*** Records supplied Section Begins ***
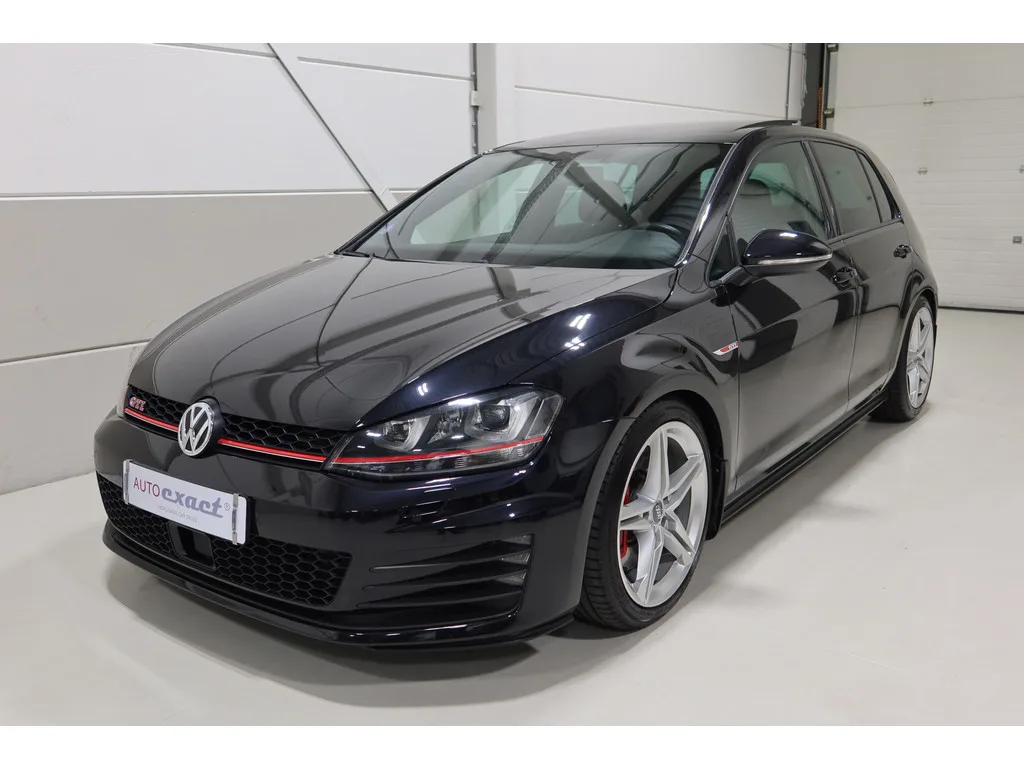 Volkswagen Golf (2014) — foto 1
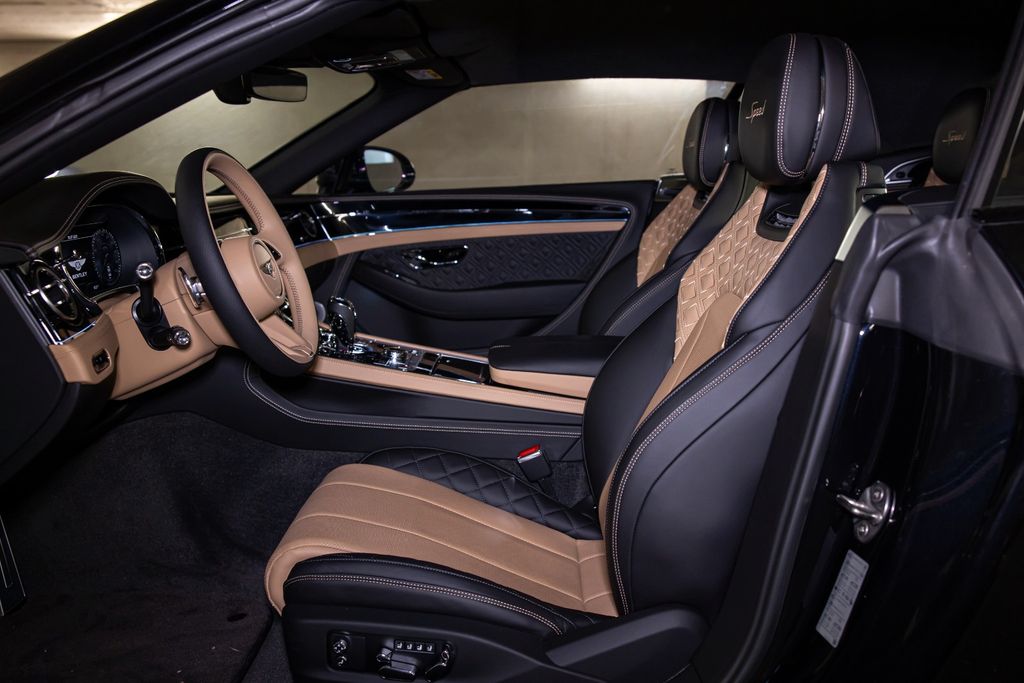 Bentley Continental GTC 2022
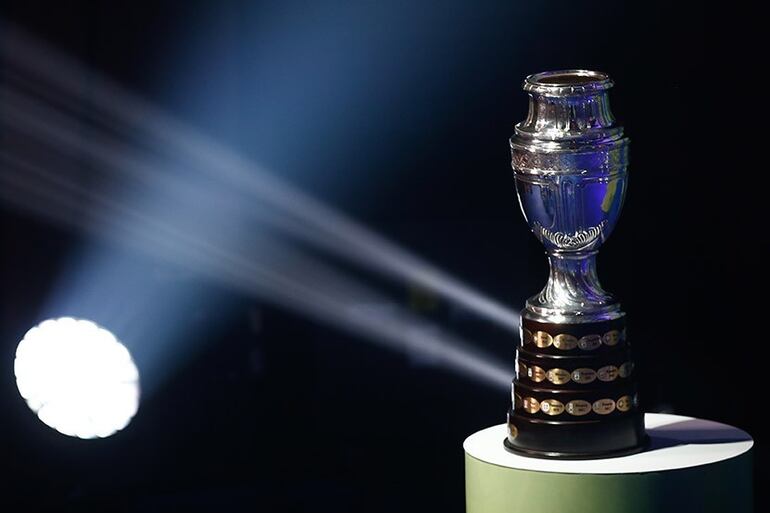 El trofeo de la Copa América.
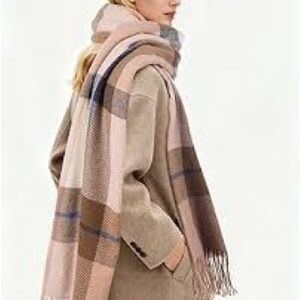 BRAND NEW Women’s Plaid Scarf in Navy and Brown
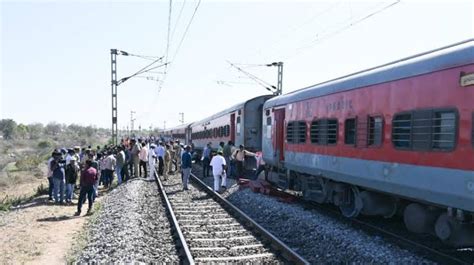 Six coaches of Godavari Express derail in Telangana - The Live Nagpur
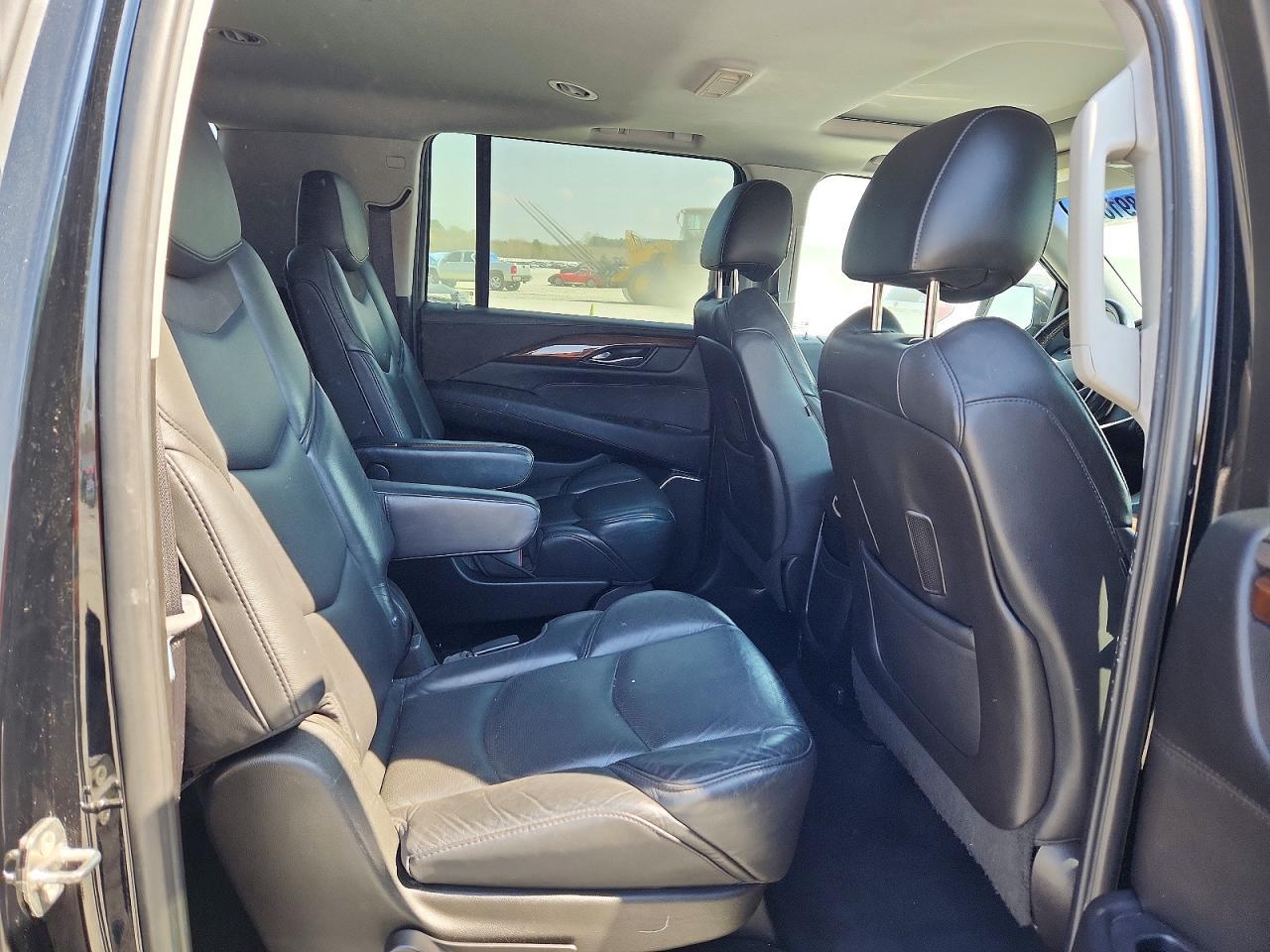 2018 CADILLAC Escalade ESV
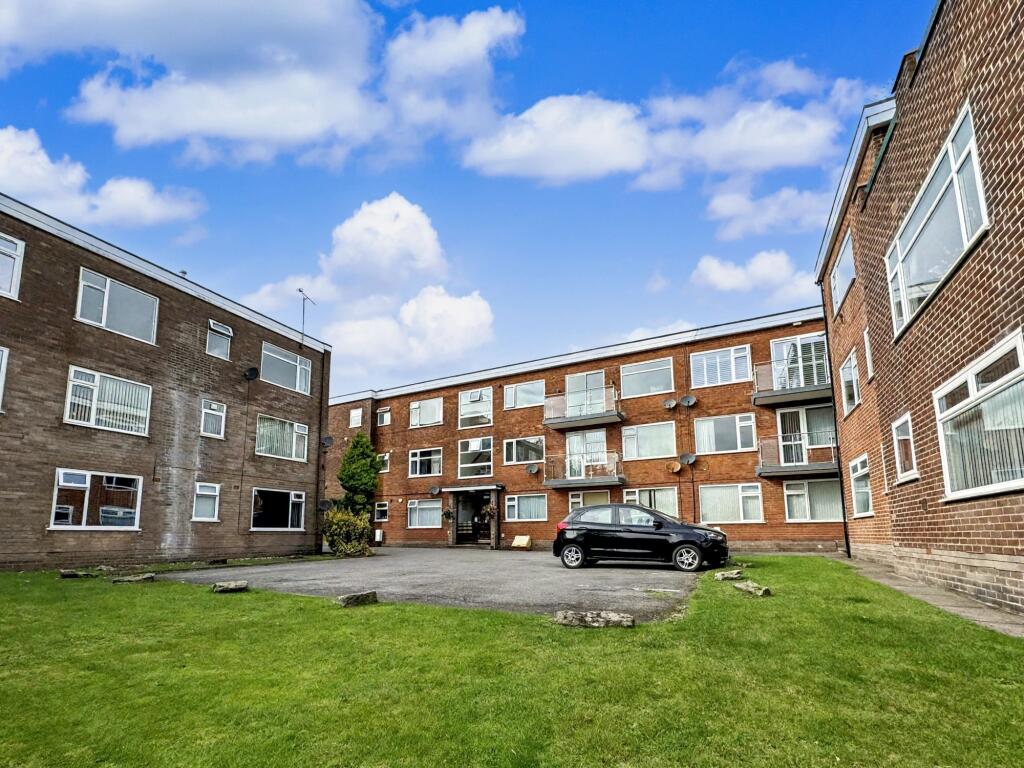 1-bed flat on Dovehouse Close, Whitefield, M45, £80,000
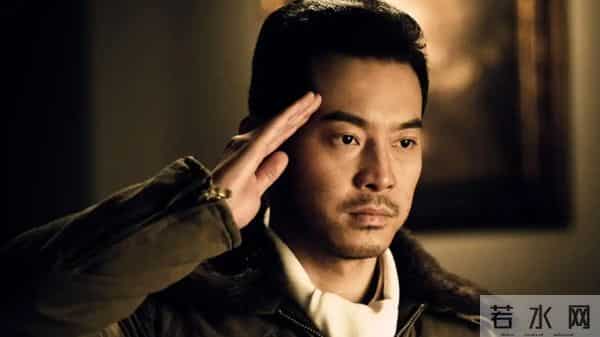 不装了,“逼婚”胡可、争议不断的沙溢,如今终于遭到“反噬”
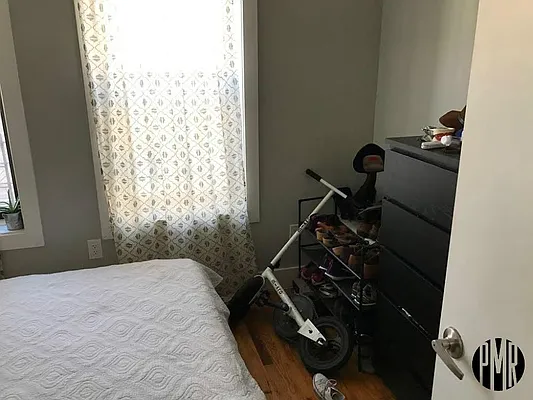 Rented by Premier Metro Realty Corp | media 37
*** Records supplied Section Ends ***
## Activity
Give back the material word for word, without images.

## Solution to the exercise
 Volkswagen Golf (2014) — foto 1
 Bentley Continental GTC 2022
 El trofeo de la Copa América.
 BRAND NEW Women’s Plaid Scarf in Navy and Brown
 Six coaches of Godavari Express derail in Telangana - The Live Nagpur
 2018 CADILLAC Escalade ESV
 1-bed flat on Dovehouse Close, Whitefield, M45, £80,000
 不装了,“逼婚”胡可、争议不断的沙溢,如今终于遭到“反噬”
 Rented by Premier Metro Realty Corp | media 37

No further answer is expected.